[Start of section]
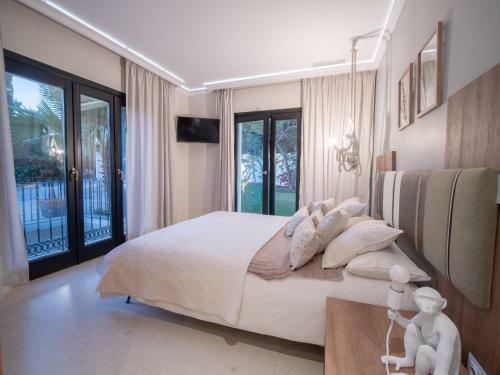Villa Modern Dream Mansion In Tropical Nueva Andaluc�a ?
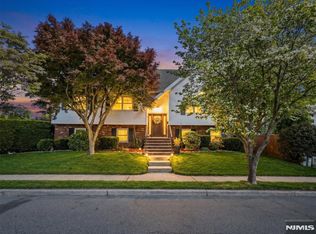 66 Roehrs Dr, Wallington, NJ 07057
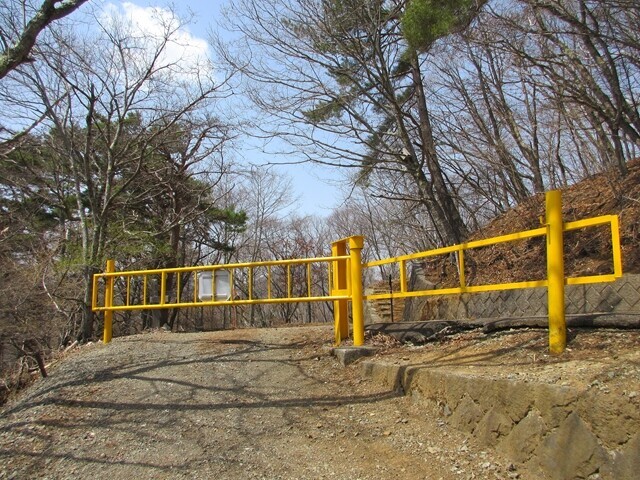 三つ峠山登山ルートである林道のゲート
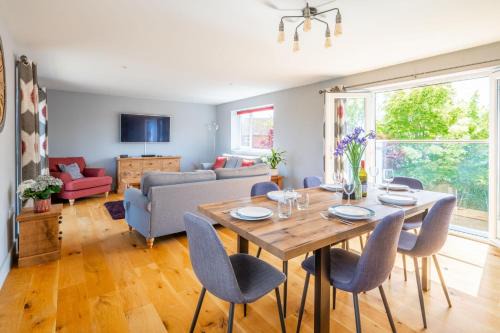 Brancaster House | Sea Peeks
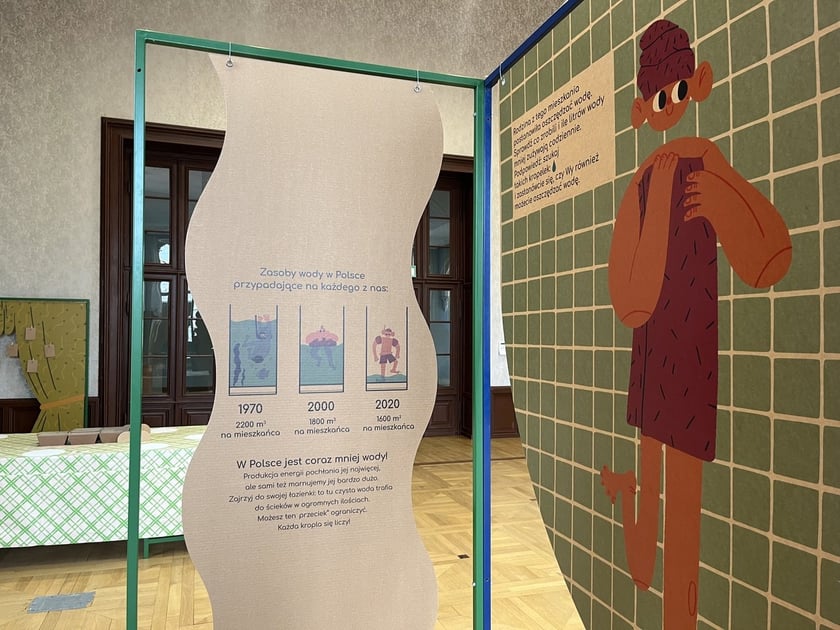 Na zdjęciach wystawa EkoEksperymentarium na Dworcu Wrocław Gł&oacute;wny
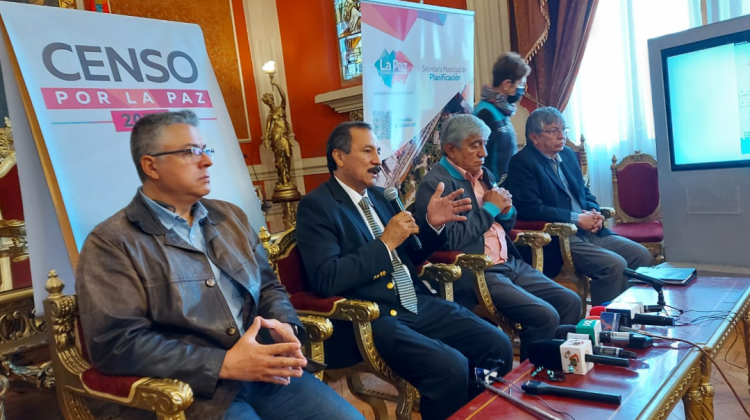 El rector de la UAGRM, Vicente Cuellar (centro) en conferencia de prensa en La Paz. Foto: ANF.
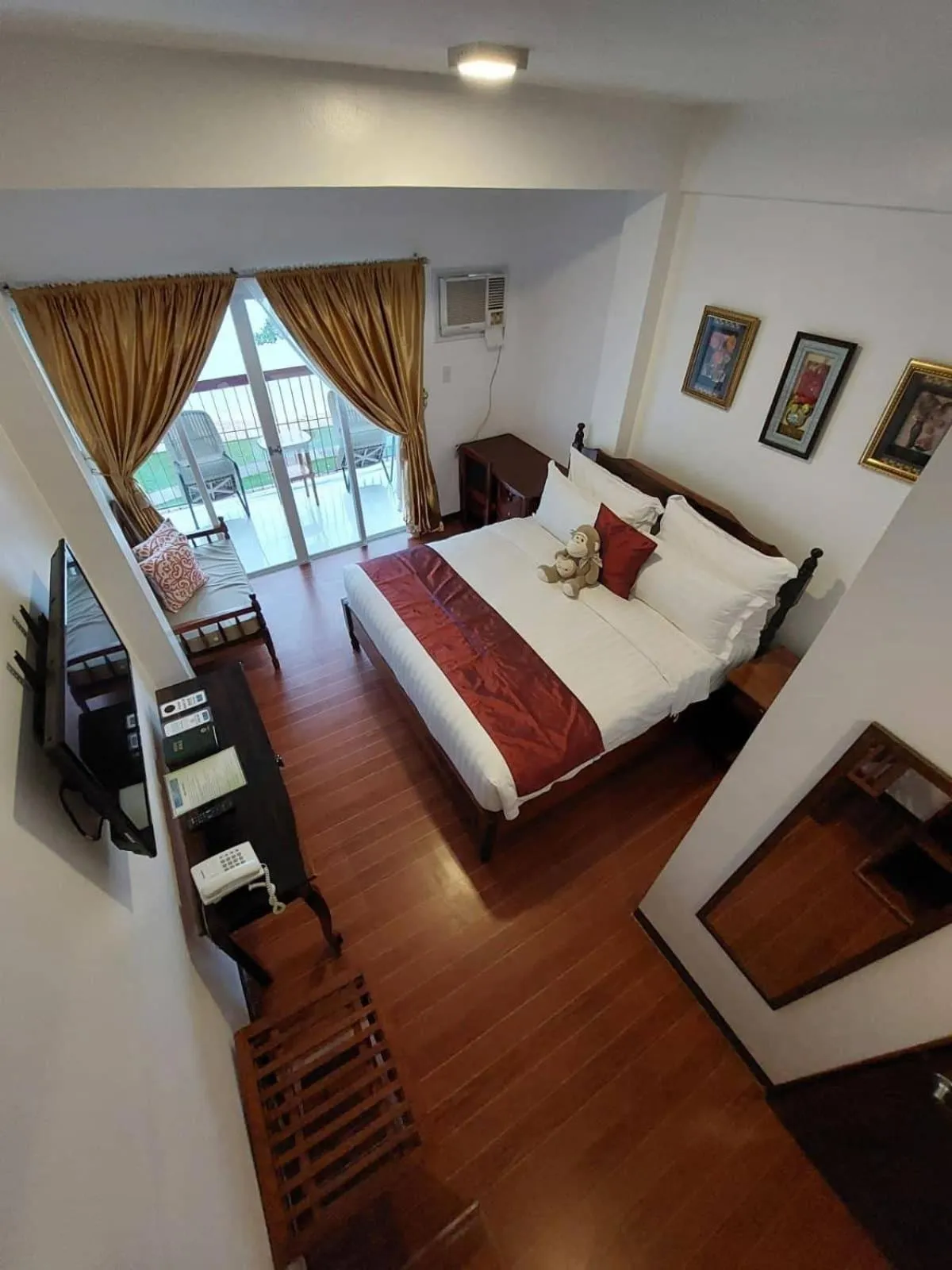 Oceanview Premiere King in Doublegem Beach Resort and Hotel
[End of section]
GOAL OF THE EXERCISE: I would like an exact copy of the lines from the one holding "Brancaster House | Sea Peeks" through the last line of the entries above, with the pictures left out.

EXPECTED ANSWER:
 Brancaster House | Sea Peeks
 Na zdjęciach wystawa EkoEksperymentarium na Dworcu Wrocław Gł&oacute;wny
 El rector de la UAGRM, Vicente Cuellar (centro) en conferencia de prensa en La Paz. Foto: ANF.
 Oceanview Premiere King in Doublegem Beach Resort and Hotel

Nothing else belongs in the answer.